**EXERCISE DATA**:
************

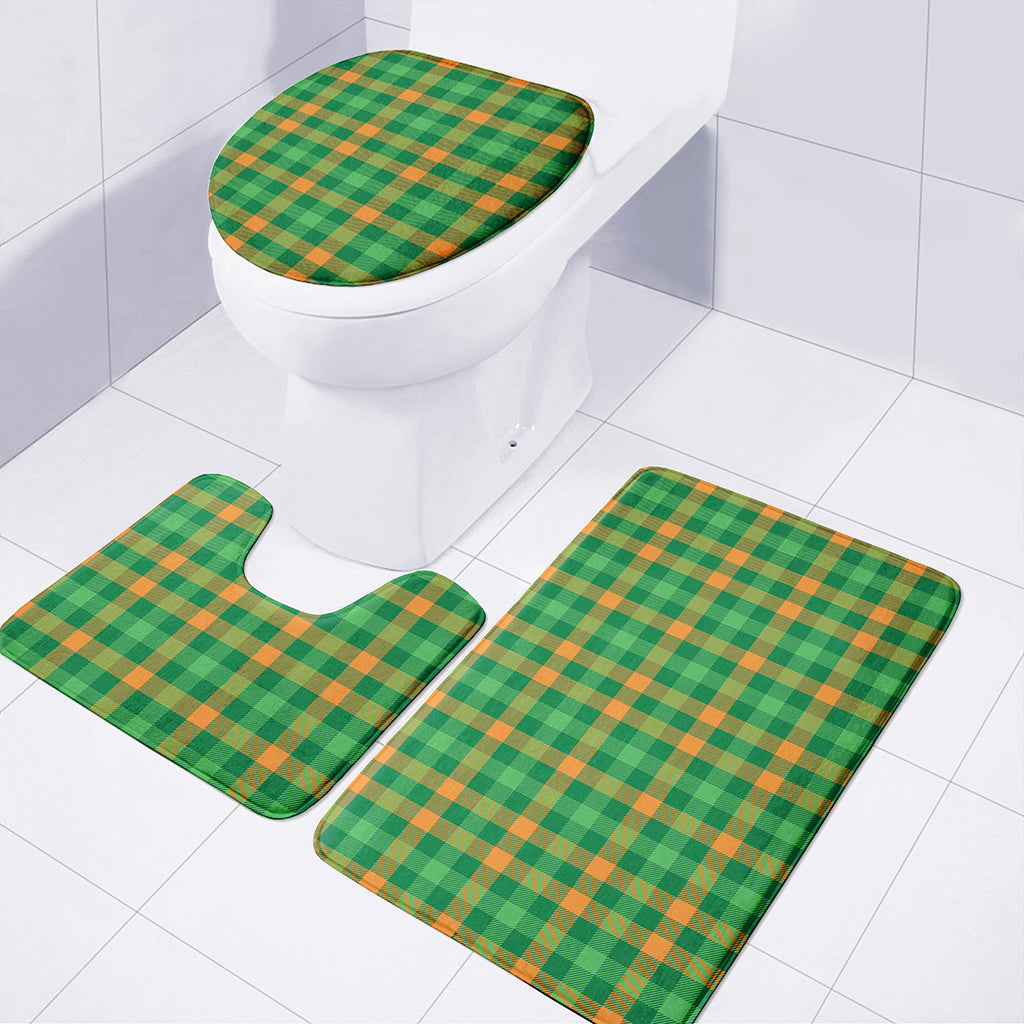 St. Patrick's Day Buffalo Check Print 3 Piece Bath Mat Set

************

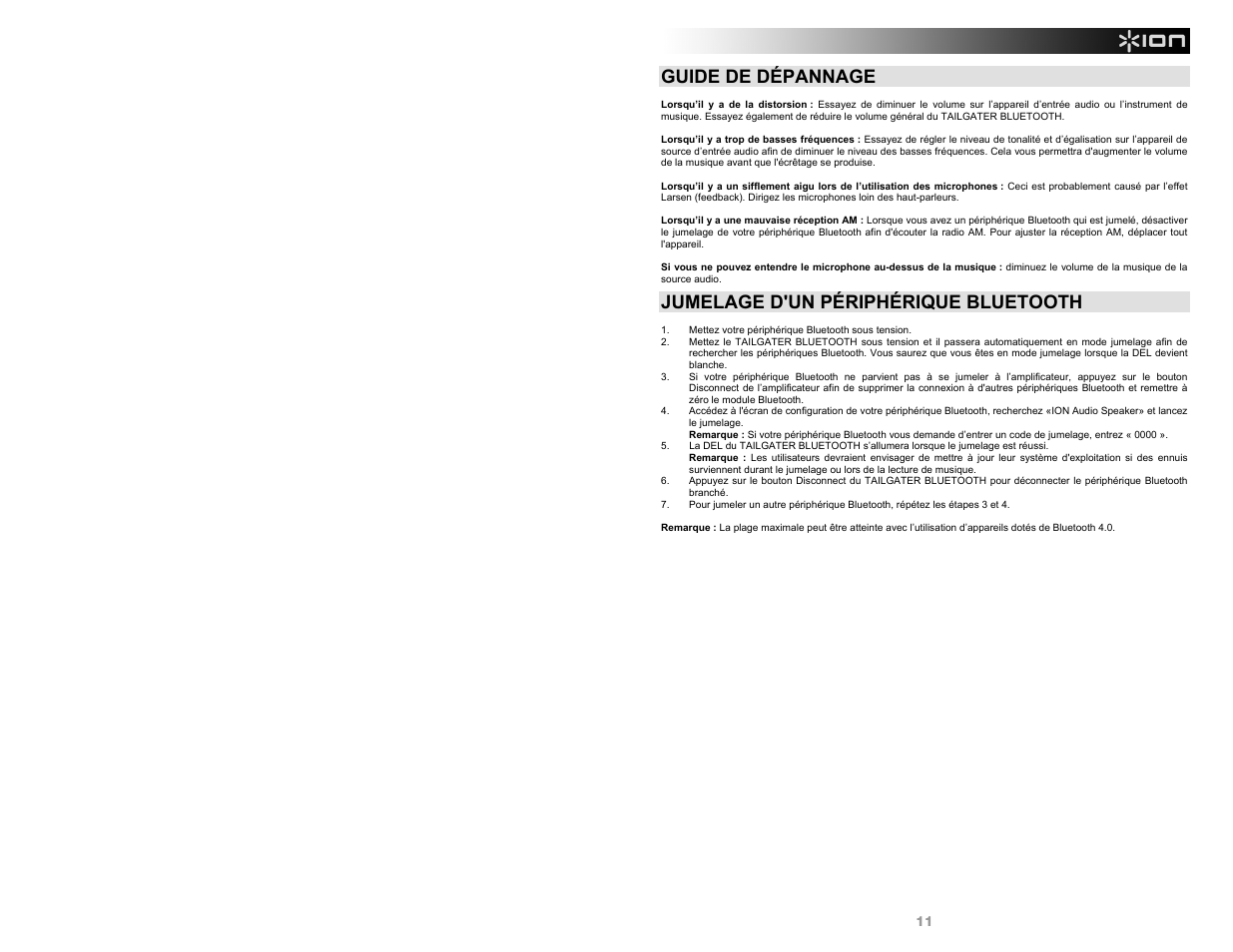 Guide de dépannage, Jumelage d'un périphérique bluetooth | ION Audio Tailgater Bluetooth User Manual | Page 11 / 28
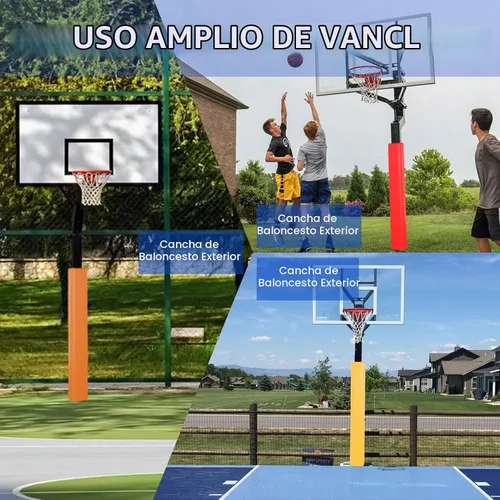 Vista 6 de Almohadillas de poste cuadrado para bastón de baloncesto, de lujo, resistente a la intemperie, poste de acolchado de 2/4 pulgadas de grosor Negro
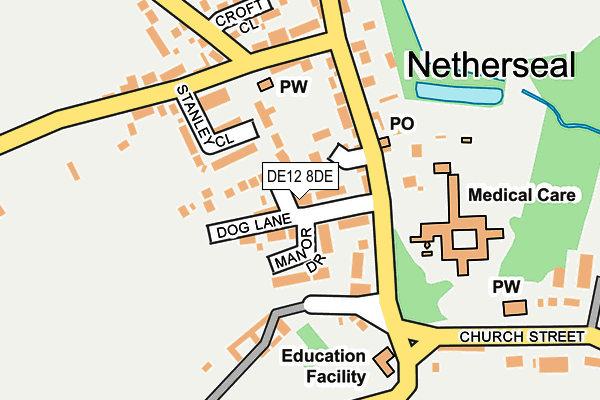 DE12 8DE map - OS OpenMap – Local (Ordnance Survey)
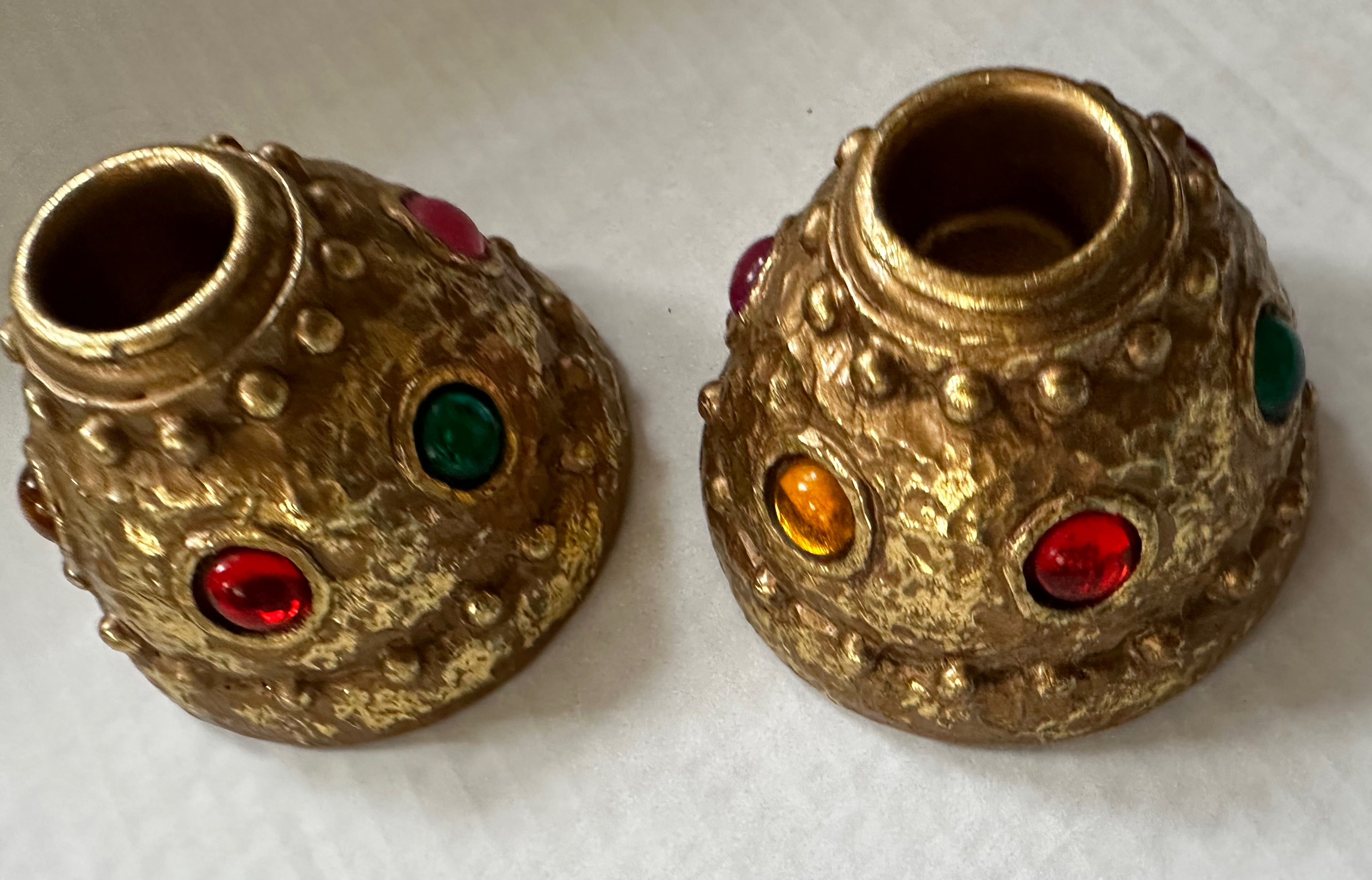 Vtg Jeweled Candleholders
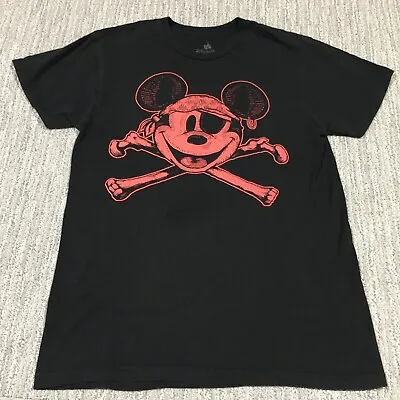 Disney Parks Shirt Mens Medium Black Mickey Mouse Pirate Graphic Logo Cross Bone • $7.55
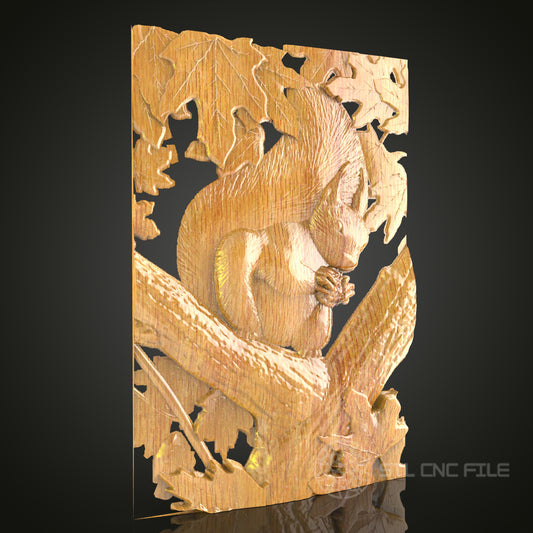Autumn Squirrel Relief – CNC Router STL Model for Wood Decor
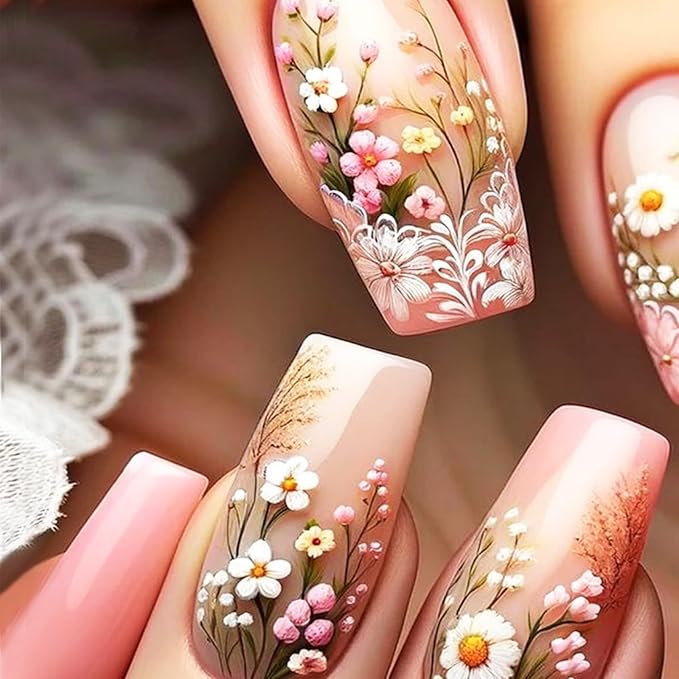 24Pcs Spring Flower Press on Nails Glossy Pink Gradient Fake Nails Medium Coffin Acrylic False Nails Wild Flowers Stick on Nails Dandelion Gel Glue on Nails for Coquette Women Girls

************

**EXERCISE DETAILS**:
Quote the lines above exactly, starting with the one that has "Vtg Jeweled Candleholders" and ending with the one that has "24Pcs Spring Flower"; drop the pictures and include nothing else.

**RESPONSE**:
 Vtg Jeweled Candleholders
 Disney Parks Shirt Mens Medium Black Mickey Mouse Pirate Graphic Logo Cross Bone • $7.55
Autumn Squirrel Relief – CNC Router STL Model for Wood Decor
 24Pcs Spring Flower Press on Nails Glossy Pink Gradient Fake Nails Medium Coffin Acrylic False Nails Wild Flowers Stick on Nails Dandelion Gel Glue on Nails for Coquette Women Girls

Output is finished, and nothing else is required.